We find that previous quantum FLT-based inversion algorithms [30, 31] are based on Itoh and Tsujii’s addition chains that are automatically determined by the value \(n - 1\). Here, we show that Putranto et al.’s algorithm [31] can use arbitrary addition chains and does not necessarily have to be specific to Itoh and Tsujii’s addition chains.
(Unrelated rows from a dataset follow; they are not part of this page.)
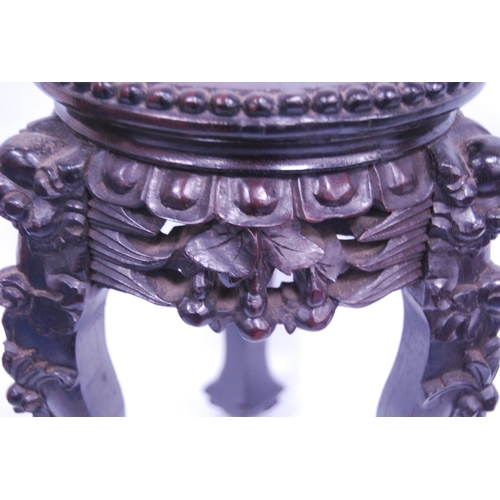 243 - Chinese padouk jardinière stand with marble inset, fruit and vine frieze, on ball and claw feet, 31.... 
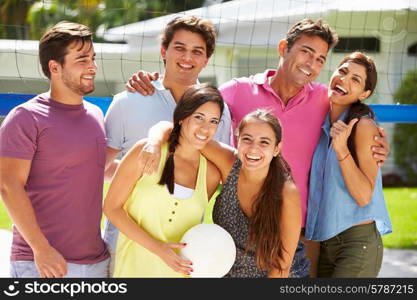 Group Of Friends Playing Volleyball In Garden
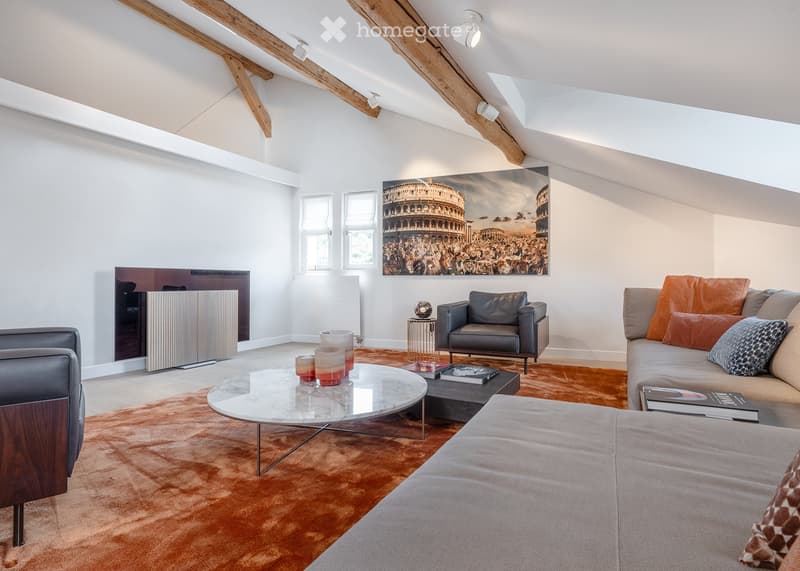 Modern living room with exposed wooden beams, large windows, a fireplace, a sofa, armchair, coffee table, and artwork on the wall.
At first, we introduce some properties that arbitrary addition chains inherently satisfy. These properties enable us to prove the main theorem later.
Lemma 1
For an arbitrary addition chain \(\{p_s'\}_{s=0}^\ell \) for N of length \(\ell \), there exists an addition chain \(\{p_s\}_{s=0}^\ell \) for the same N and \(\ell \) so that the latter addition chain satisfies following properties.
(i)
Both \(\{p_s\}_{s=0}^\ell \) and \(\{p'_s\}_{s=0}^\ell \) consist of the same elements although the order may not be the same. In other words, for all \(0< s < \ell \), there exists \(0< s' < \ell \) such that \(p_s = p_{s'}'\). Specifically, \(p_0 = p'_0 = 1\) and \(p_\ell = p'_\ell = N\) hold.
(ii)
A sequence consisting of only added terms of \(\{p_s\}_{s=0}^\ell \) are monotonically increasing. In other words, for all \(i, j \in M\) such that \(i < j\), it holds that \(p_i < p_j\).
(iii)
An element for computing a doubled term appear just before the doubled term. In other words, for all \(i \in D\), it holds that \(p_i = 2p_{i - 1}\).
Proof
It is clear that for an arbitrary addition chain \(\{p_s'\}_{s=0}^\ell \) for N of length \(\ell \), there is a unique sequence \(\{p_s\}_{s=0}^\ell \) that satisfy all properties (i)–(iii). What we have to show is that \(\{p_s\}_{s=0}^\ell \) is an addition chain for N of length \(\ell \). Due to the property (i), \(p_0 = 1\) and \(p_\ell = N\) hold. We complete the proof by showing that for all \(s = 1, 2, \ldots , \ell \), there exist i and j which satisfy \(0 \le i \le j < s\) and \(p_s = p_i + p_j\). If \(s \in D\), it holds that \(p_s = 2p_{s - 1} = p_{s - 1} + p_{s - 1}\) due to the property (iii).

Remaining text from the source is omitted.